Narcolepsy also comes with dreams, which start before you are totally asleep sometimes, or just after you fall asleep, or happen as hallucinations as you wake up. It’s a disorder of sleep-wake, which means that the brain has trouble understanding when to do REM/dreaming and that happens at the wrong time. Cataplexy is another symptom.

I’m obviously no doctor, but I would assume that this is just dissociation/freeze if there aren’t other symptoms.

(I’m convinced for myself—based on my crazy dream patterns, like dreaming if I fall asleep for just a few minutes on the bus, and what a doctor once said to me—that I might have narcolepsy. But I think the dream patterns are the give away, not the actual falling asleep).
 
the exact same thing has been happening to me for months now. i go limp, my body kinda just shuts down, and i feel like i'm asleep, for all other purposes i AM asleep; but i'm also still awake. i can't figure it out and it's not only frustrating but its scaring me. its affecting my grades and relationships and i dont know how to identify or get rid of it.
 
It was scary for me as well. It also hasn't done much for my social life. Wondering if anything happened out of the ordinarywhen you were an infant and couldn't get away? This is something my T-doc said right off and about 5 years later I got my children's aid documentation and there it was..... The answer to everything. The missing piece of the puzzle.

For me when I am out of it I am not asleep. I do not dream. I am hyper aware of everything that is happening in the room. Even if my eyes are not open.

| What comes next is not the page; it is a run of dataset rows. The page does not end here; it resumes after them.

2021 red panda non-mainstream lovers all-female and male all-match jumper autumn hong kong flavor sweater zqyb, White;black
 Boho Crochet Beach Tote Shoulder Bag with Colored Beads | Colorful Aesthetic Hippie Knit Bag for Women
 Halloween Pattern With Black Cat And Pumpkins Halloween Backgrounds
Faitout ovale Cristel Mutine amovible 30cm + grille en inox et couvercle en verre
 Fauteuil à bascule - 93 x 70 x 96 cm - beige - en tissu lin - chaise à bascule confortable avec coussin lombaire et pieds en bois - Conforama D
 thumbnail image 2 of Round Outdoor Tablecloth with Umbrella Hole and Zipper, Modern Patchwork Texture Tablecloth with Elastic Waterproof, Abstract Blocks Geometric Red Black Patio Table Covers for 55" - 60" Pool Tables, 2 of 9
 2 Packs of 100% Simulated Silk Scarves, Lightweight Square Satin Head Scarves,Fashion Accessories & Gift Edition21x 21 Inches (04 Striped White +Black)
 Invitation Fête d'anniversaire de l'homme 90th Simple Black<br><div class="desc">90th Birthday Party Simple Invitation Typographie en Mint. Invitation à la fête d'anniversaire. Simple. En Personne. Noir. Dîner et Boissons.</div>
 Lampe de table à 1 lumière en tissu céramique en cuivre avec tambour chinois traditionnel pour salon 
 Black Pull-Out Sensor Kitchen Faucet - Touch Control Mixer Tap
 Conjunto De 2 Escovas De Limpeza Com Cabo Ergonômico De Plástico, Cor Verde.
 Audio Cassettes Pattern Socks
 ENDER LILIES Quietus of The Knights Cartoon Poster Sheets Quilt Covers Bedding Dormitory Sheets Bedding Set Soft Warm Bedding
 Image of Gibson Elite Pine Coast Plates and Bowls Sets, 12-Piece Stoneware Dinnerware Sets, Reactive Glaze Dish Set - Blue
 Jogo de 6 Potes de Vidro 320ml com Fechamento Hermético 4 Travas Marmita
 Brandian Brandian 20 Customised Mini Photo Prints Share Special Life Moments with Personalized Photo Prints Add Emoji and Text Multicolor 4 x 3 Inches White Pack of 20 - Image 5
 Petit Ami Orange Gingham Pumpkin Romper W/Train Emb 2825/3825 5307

I know where everyone is and I know how to get out of the room. The minute I have the opportunity to do so, my coordination comes back - I expect so I can escape.

For years I didn't know my background while I troubleshooted this. I buy into the fact that the nervous system reactions can be analyzed in reverse to understand what is at play.
 
I think there might be different causes. Sometimes it felt like my body was shutting down to protect me. But it could also be a form of narcolepsy if it happens regularly.